To plot a linear equation, follow these steps:

• Identify the slope and y-intercept from the equation.
• Start at the y-intercept point on the graph.
• Use the slope to find another point on the line. For each unit you go right (positive x-direction), move up by the value of the slope (if it's positive) or down (if it's negative).

By connecting these identified points, you create the straight line that represents the linear equation.

Shading represents areas on a graph where the solutions to an inequality exist. When you graph an inequality, the line divides the plane into two halves, and only one of them contains solutions to the inequality.

For the inequality \( y \geq \frac{1}{2}x - 4 \), the shaded region is above the boundary line. You determine which side to shade by testing a point not on the boundary. If it satisfies the inequality, that is the side to shade.

• Choose a test point, commonly \( (0,0) \), unless it’s on the line.
• Substitute the test point into the inequality.
• If the inequality holds true with the test point, shade the side containing that point.
• If not, shade the opposite side.

This process ensures you cover all correct solutions that satisfy the inequality.

The boundary line in the graph of an inequality helps you understand the limits of the area you must consider.

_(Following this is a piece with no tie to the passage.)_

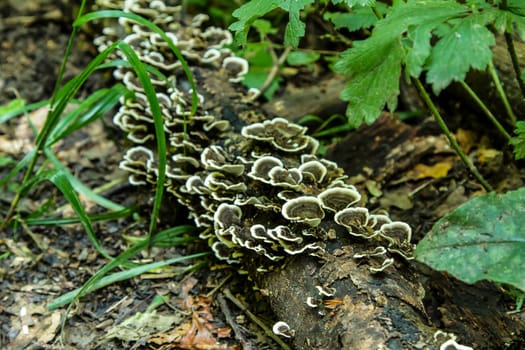 Searching for mushrooms in the woods.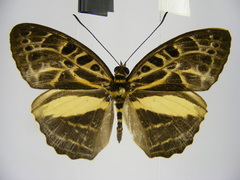 Catuna angustatum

It demarcates the set of points where the equation part of the inequality holds true, \( y = \frac{1}{2}x - 4 \) in our problem.

The boundary line will be solid if the inequality symbol is \( \geq \) or \( \leq \), as these symbols include the equality condition. This means any point on the line is a solution to the inequality as well.

• In the graph, a solid line means the points on the line are included in the solution set.
• Whereas, a dashed line indicates that points on the line are not included because the inequality is only "less than" (<) or "greater than" (>).

This distinction is crucial for accurately representing inequalities graphically.

Inequality symbols are critical in understanding the nature and solutions of inequalities. The symbols "<", "<=", ">", and ">=" indicate whether solutions include the boundary and which side of the boundary is correct.

In our example \( y \geq \frac{1}{2}x - 4 \):

• The symbol \( \geq \) signifies "greater than or equal to".
• This inequality includes the boundary line, hence the line is solid.
• Solutions are represented by points on and above the line, covering both equal and greater values of \( y \).

Understanding these symbols ensures you correctly interpret and graph the solutions, capturing all possible answers to the inequality.